Happy 23 weeks to me! I feel like all of a sudden I popped out and now there's no hiding the fact, which is actually good because I think I've finally come out of the phase where I just felt chubby, not pregnant. Yay!

This pregnancy sure has been interesting. Much much different than it was with our other two boys. I wonder why. All I know is, there must be some very important lessons for me to learn here. It's been quite a struggle for me, honestly. The constancy of either nausea or pain or both has proven to be exhausting at times. I decided to share a little about this experience because it's something we've been going through as a family and this is our family blog. But more importantly because I think that as we share our experiences that we help each other and lift each other.

I told Dylan the other day that I won't be coming out of this the same person I was going into it. I'm sure it's the same with everyone as we progress and experience things in this life. I am no where near perfect and I still struggle most days to put things in the right perspective. But here a few things I am learning...

*Not to assume things about or judge others or their situations.When I get a glimpse into someone else's life it fills me with concern, compassion, and a determination not to complain about the things I struggle with (not that it always works).

*Just when it seems I can't handle any more, there is a brief respite and I am reminded of the sweet tender mercies of a loving Father in Heaven.

*Life is so precious and that sacrificing to bring a child into the world is indeed a noble and extraordinary experience. I feel grateful that I have the opportunity to have such a special experience.



*My husband is an angel. Words could not explain nor convey how much he means to me or how much he has done and what it has meant to me. There are just no words.

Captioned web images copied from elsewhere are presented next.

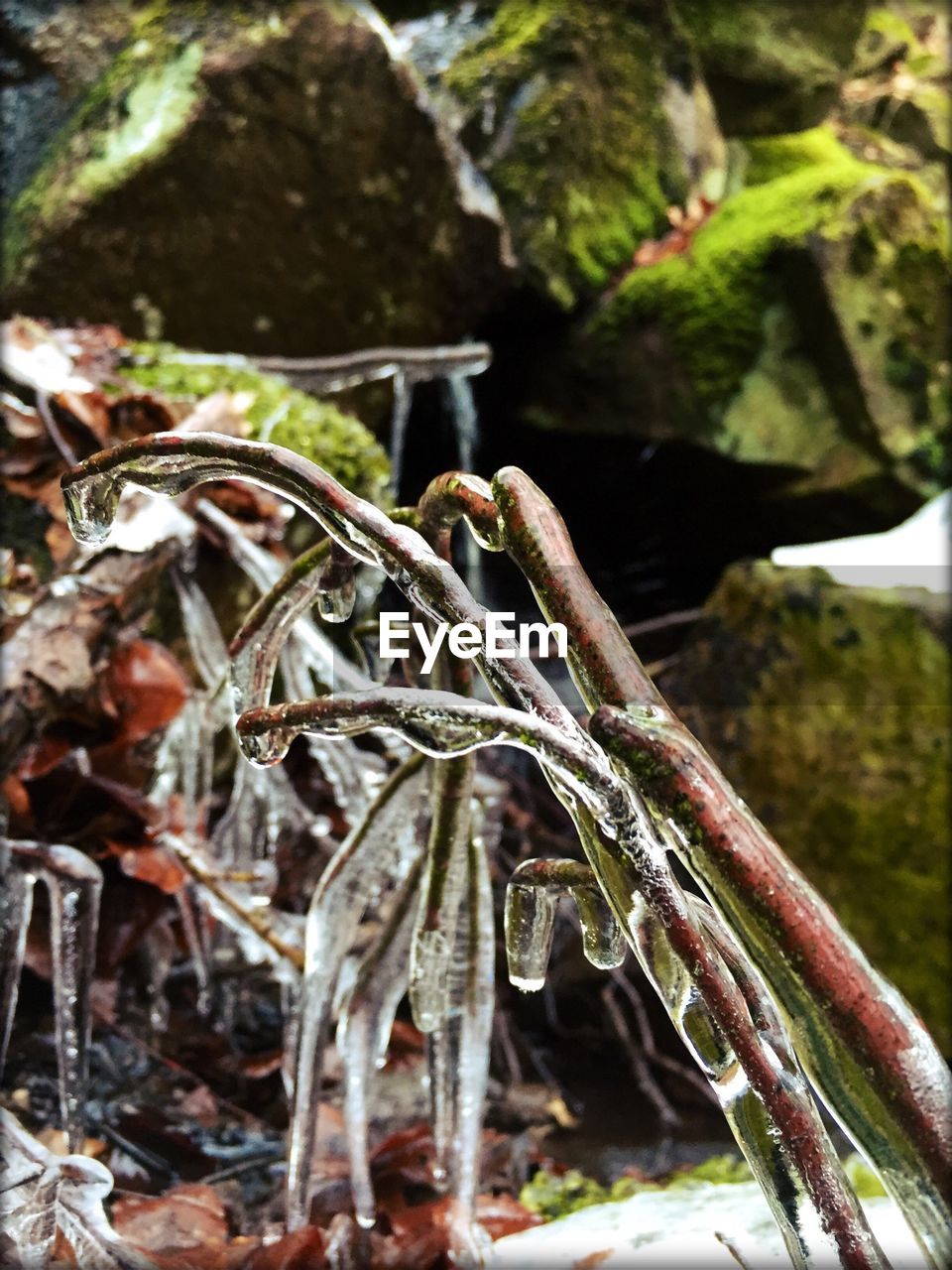 Close-up of frozen plant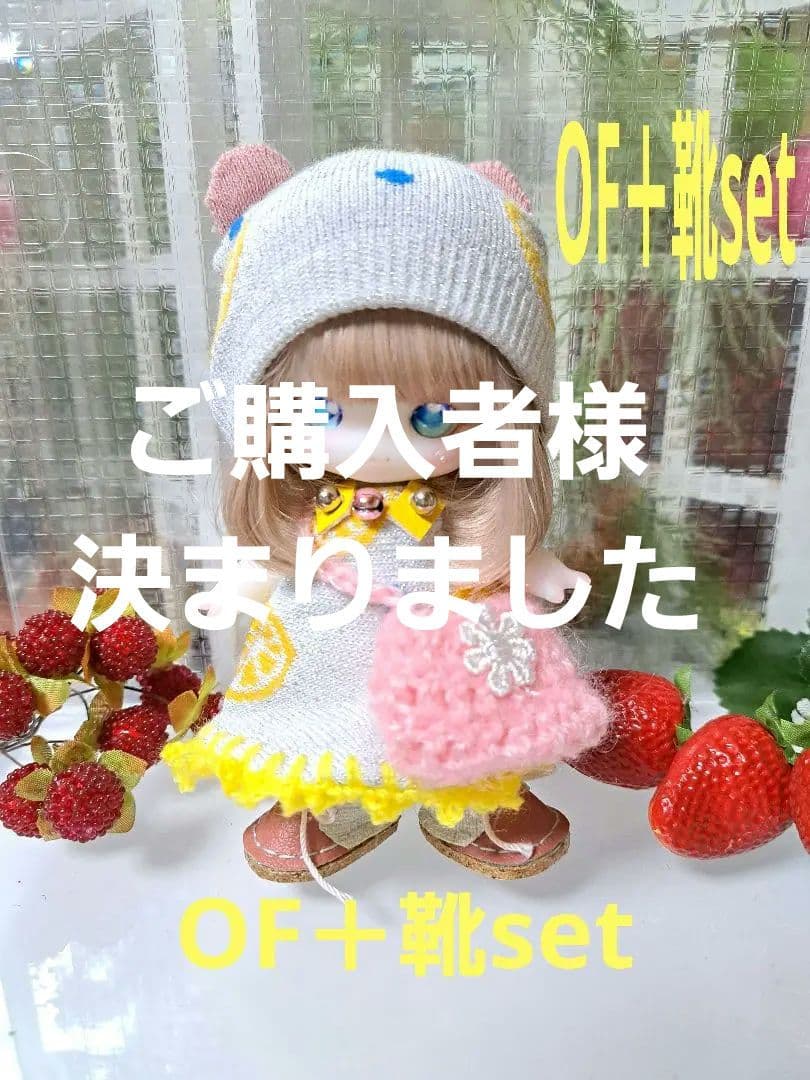 sale☆子犬わたあめ13㎝用☆アウトフィットP＋たっち靴☆４点set☆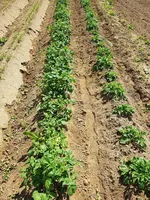 20200530_133758.webp 20200530_133758.webp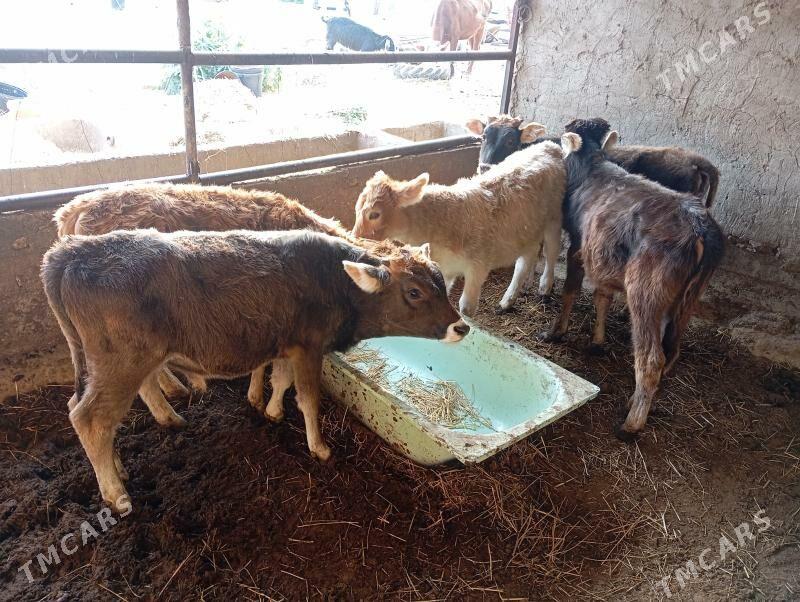 okuz - Анев - img 2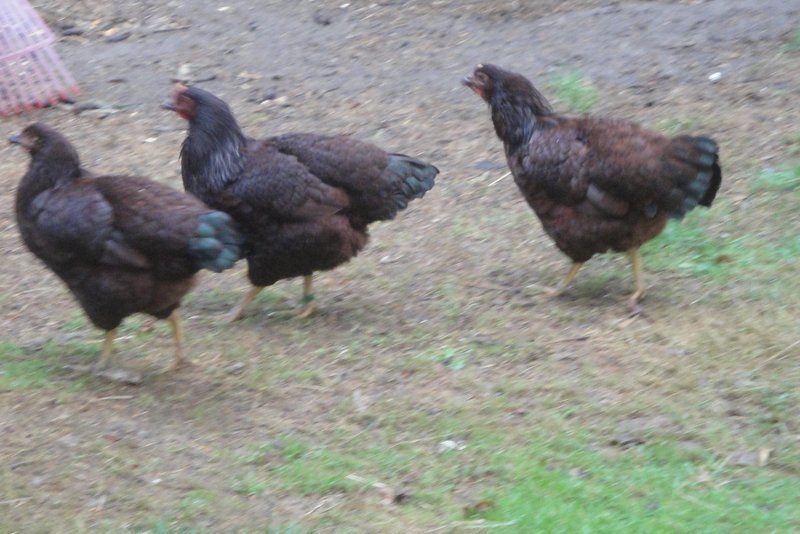 Five month old pullets. August 2013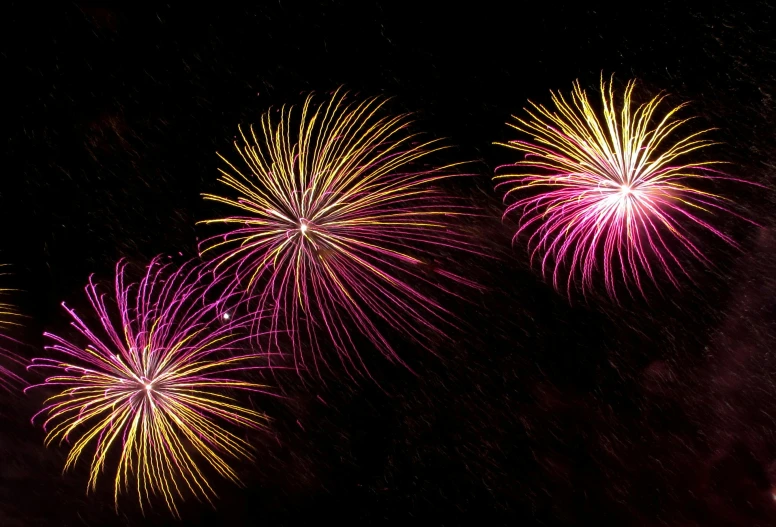 brightly colored fireworks explode in the sky during the night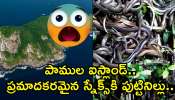 Snake Island: పాముల ఐస్లాండ్.. ప్రమాదకరమైన స్నేక్స్‌కి పుట్టినిల్లు.. ఈ దీవిపై వెళ్లే పక్షులకు కూడా ప్రమాదమే!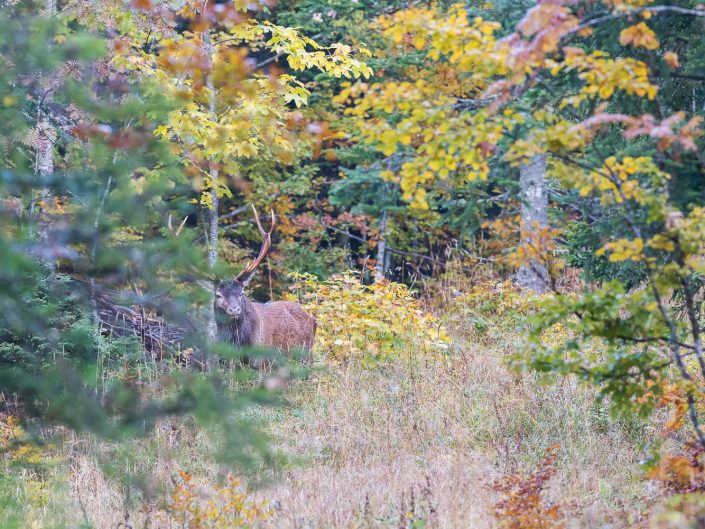 Cerf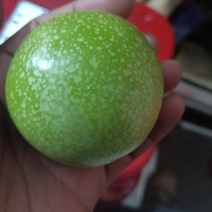 海南百香果，质量保证，全规格常年有货，欢迎合作。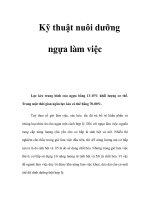 Kỹ thuật nuôi dưỡng ngựa làm việc doc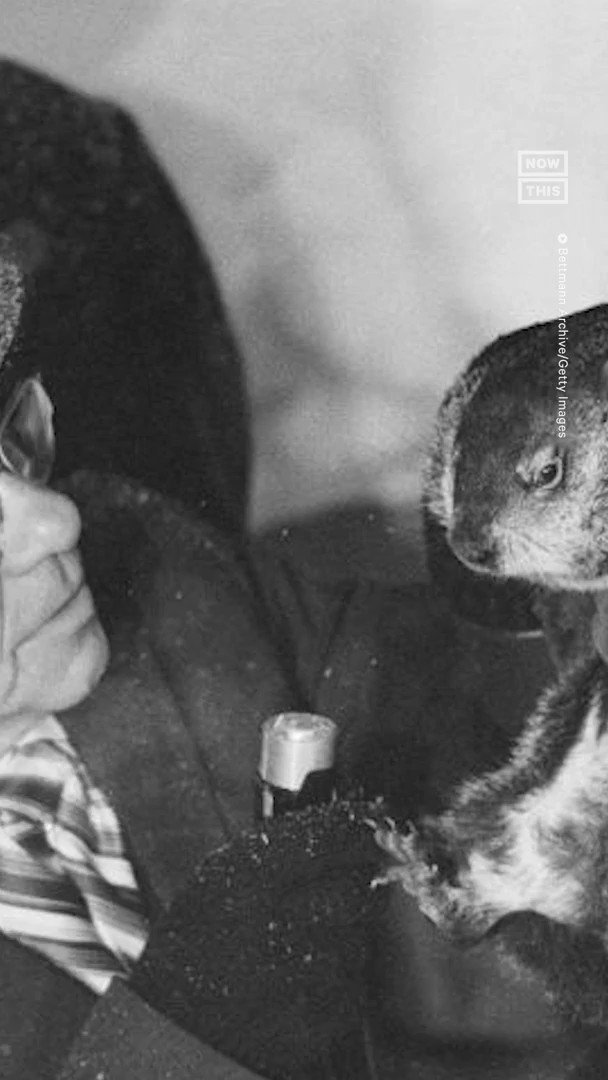 From Punxsutawney Phil to Thistle the Whistlepig, weatherpredicting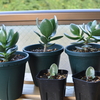 金のなる木の成長記録（Jade Plant・カネノナルキ・クラッスラ属）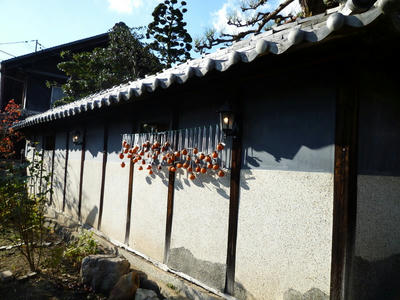 P1040536.JPG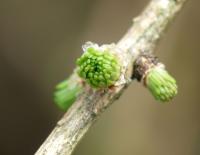 Modřín opadavý (Larix decidua)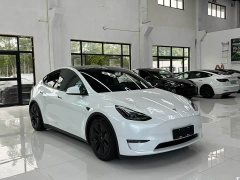Tesla Model Y Long Range All-Wheel Drive - ფოტო 2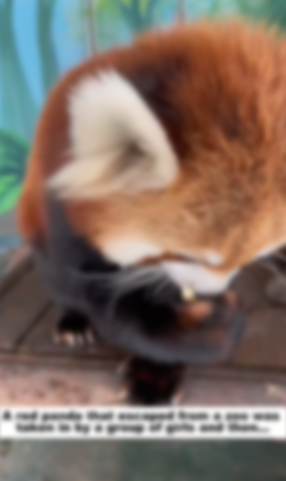 D1105018_A red panda that escaped from a zoo was taken in by a group of girls and then…PART 2
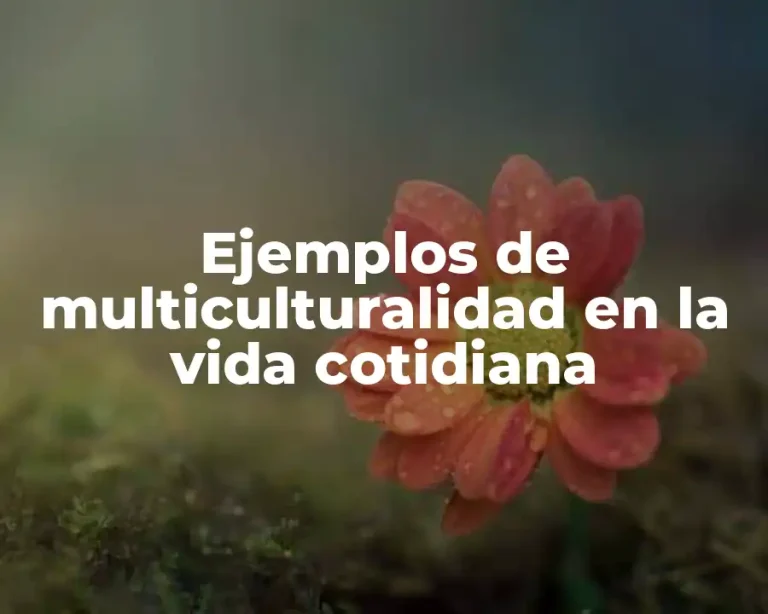 Ejemplos de multiculturalidad en la vida cotidiana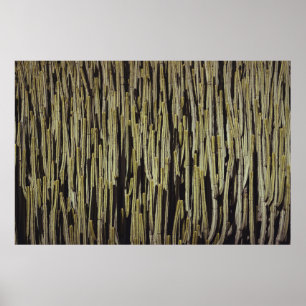 Grönt cactus tapet poster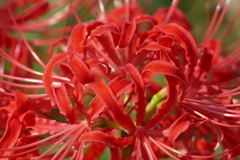 彼岸花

*Find joy, not just expect it to come to me. I'm definitely no where near perfect. But I have found that joy is there; abundance in my life, or things to be grateful for, are there. In a talk by Thomas S. Monson last October he quoted a well-known philosopher who said:

“Both abundance and lack [of abundance] exist simultaneously in our lives, as parallel realities. It is always our conscious choice which secret garden we will tend … when we choose not to focus on what is missing from our lives but are grateful for the abundance that’s present—love, health, family, friends, work, the joys of nature, and personal pursuits that bring us [happiness]—the wasteland of illusion falls away and we experience heaven on earth.”


After reading this I really thought about how many things I have to be grateful for and how many things in my life bring me joy and I sat down and wrote a long list of all of these things. I was so surprised to see how quickly my list kept growing and growing. How truly blessed I am!



I have good days and bad days still but I am finding that as I have an eternal perspective and try to think of the things I am grateful for and find little things that bring me joy, I am happier and more full of life. I am so thankful for a family and for friends who have helped us, knowing or not knowing the extent of our struggles, and who have given us so much love and support. It is both needed and appreciated so much.



So, even though 23 weeks might not sound very far along, it's more than half way to me and if we made it this far together, we can make it another 17 weeks. I love my family and I am thankful for the knowledge I have of the gospel. And I'm so excited to meet this new little boy.